┌──

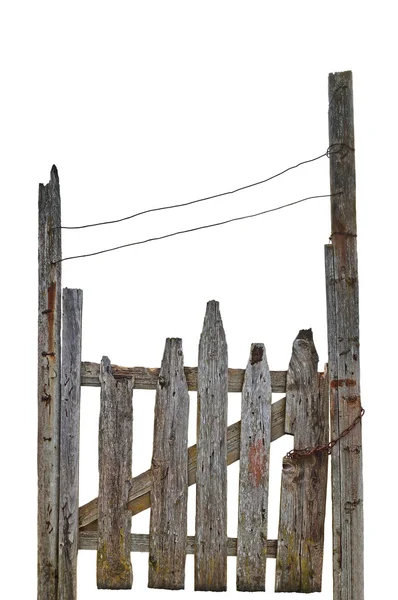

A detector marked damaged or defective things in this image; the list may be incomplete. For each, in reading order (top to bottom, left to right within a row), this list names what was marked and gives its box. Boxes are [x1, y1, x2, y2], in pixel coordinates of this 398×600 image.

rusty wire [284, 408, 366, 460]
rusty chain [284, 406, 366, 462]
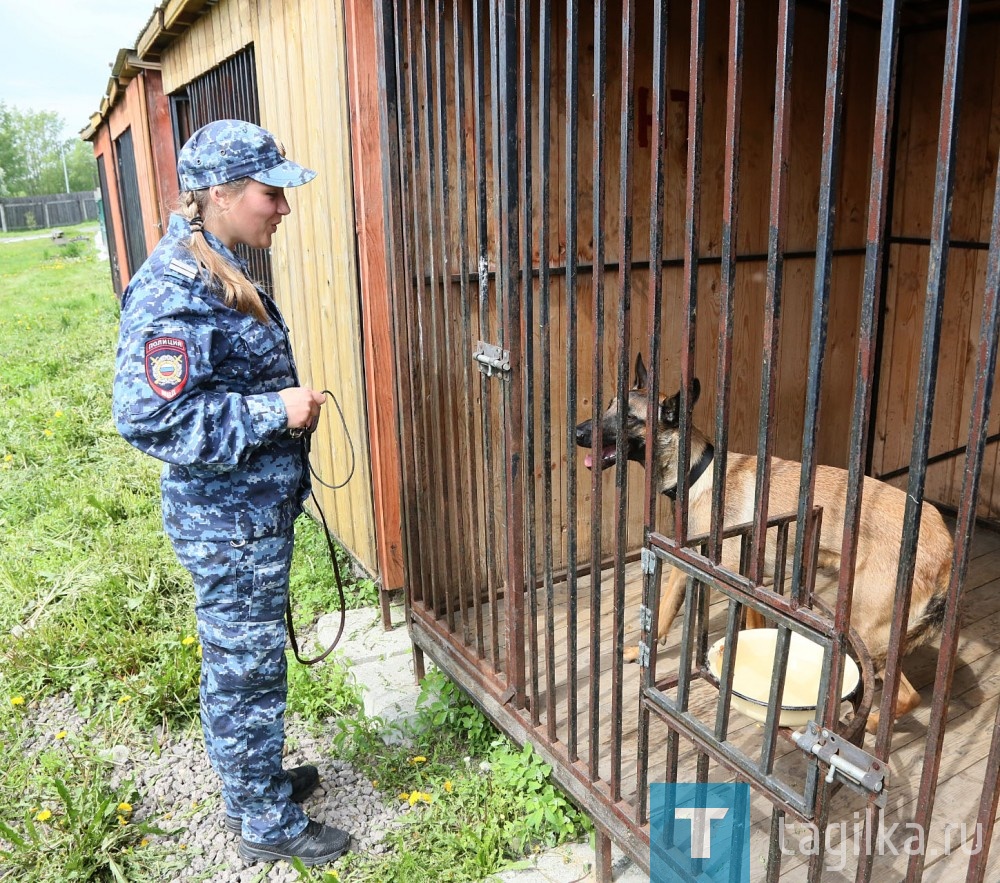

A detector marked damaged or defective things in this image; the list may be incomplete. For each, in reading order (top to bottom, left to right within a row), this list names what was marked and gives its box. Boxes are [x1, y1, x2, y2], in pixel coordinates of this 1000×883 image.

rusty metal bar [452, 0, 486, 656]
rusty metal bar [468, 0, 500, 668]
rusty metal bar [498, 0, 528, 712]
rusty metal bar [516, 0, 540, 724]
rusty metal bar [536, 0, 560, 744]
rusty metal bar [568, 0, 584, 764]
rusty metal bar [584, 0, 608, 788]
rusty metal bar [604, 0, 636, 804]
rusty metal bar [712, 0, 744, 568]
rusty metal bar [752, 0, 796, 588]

└──

Exclude all images and return the listing word for word.

Task result.
A detector marked damaged or defective things in this image; the list may be incomplete. For each, in reading order (top to bottom, left to right within a row), this list names what was marked and gives its box. Boxes are [x1, y1, x2, y2], in pixel coordinates of this 398×600 image.

rusty wire [284, 408, 366, 460]
rusty chain [284, 406, 366, 462]

A detector marked damaged or defective things in this image; the list may be incomplete. For each, in reading order (top to bottom, left to right within a row), this list names what was marked and gives its box. Boxes are [x1, y1, x2, y2], in pixel coordinates of this 1000×883 image.

rusty metal bar [452, 0, 486, 656]
rusty metal bar [468, 0, 500, 668]
rusty metal bar [498, 0, 528, 712]
rusty metal bar [516, 0, 540, 724]
rusty metal bar [536, 0, 560, 744]
rusty metal bar [568, 0, 584, 764]
rusty metal bar [584, 0, 608, 788]
rusty metal bar [604, 0, 636, 804]
rusty metal bar [712, 0, 744, 568]
rusty metal bar [752, 0, 796, 588]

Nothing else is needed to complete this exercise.